> [EXERCISE REQUIREMENTS]: Directions for the data below: repeat exactly the lines from the one with "A zombie trying" through the one with "Damen Loafer Veganes", both included, and omit all pictures.

> [SOURCE INFORMATION]:
▼

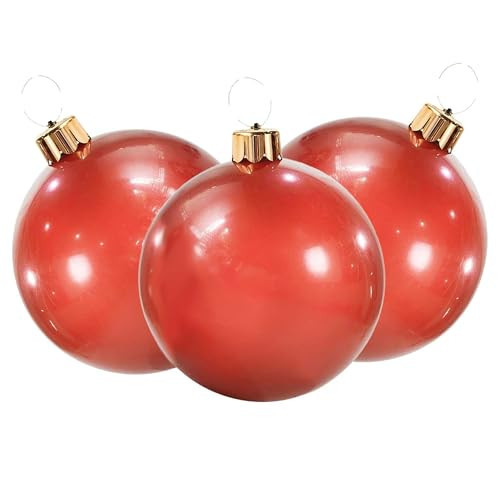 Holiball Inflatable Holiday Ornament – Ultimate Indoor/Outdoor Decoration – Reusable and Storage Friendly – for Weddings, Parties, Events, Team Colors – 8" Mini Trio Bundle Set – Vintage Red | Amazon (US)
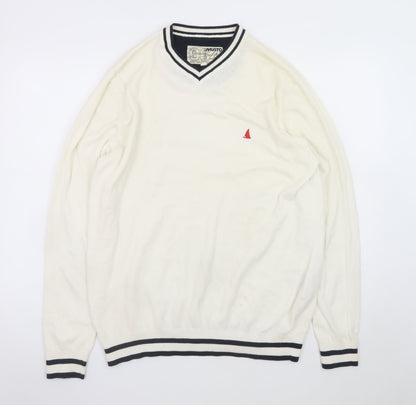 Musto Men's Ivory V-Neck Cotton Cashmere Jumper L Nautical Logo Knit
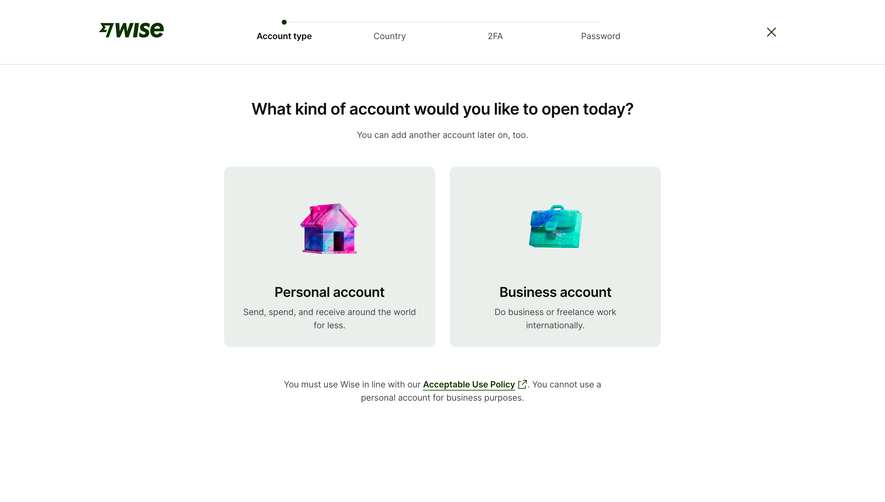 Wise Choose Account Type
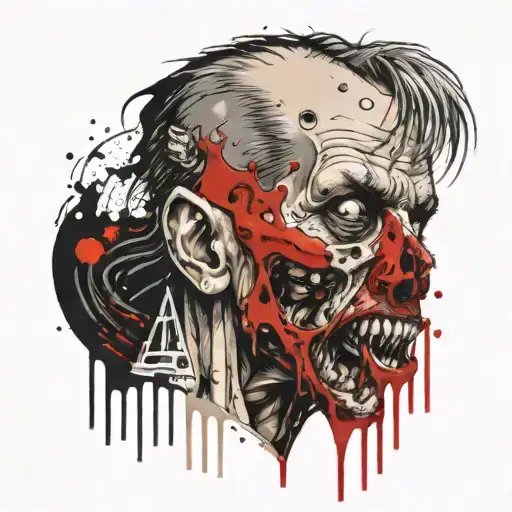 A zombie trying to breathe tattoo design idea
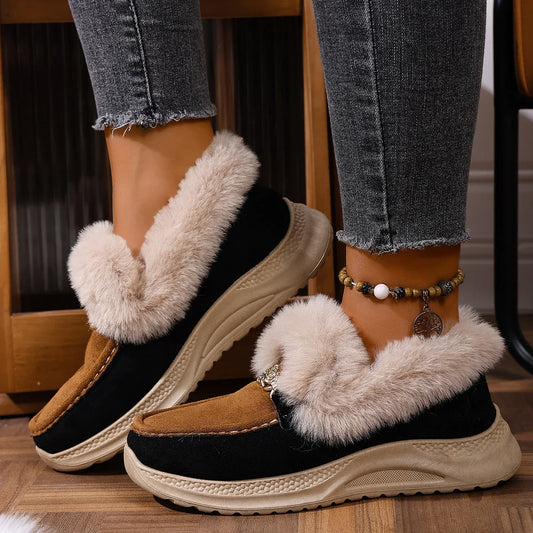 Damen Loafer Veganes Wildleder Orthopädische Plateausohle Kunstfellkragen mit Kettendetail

▲
▼

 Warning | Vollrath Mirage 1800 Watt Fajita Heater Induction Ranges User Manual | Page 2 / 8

▲

> [OUTPUT OF THE EXERCISE]:
 A zombie trying to breathe tattoo design idea
 Damen Loafer Veganes Wildleder Orthopädische Plateausohle Kunstfellkragen mit Kettendetail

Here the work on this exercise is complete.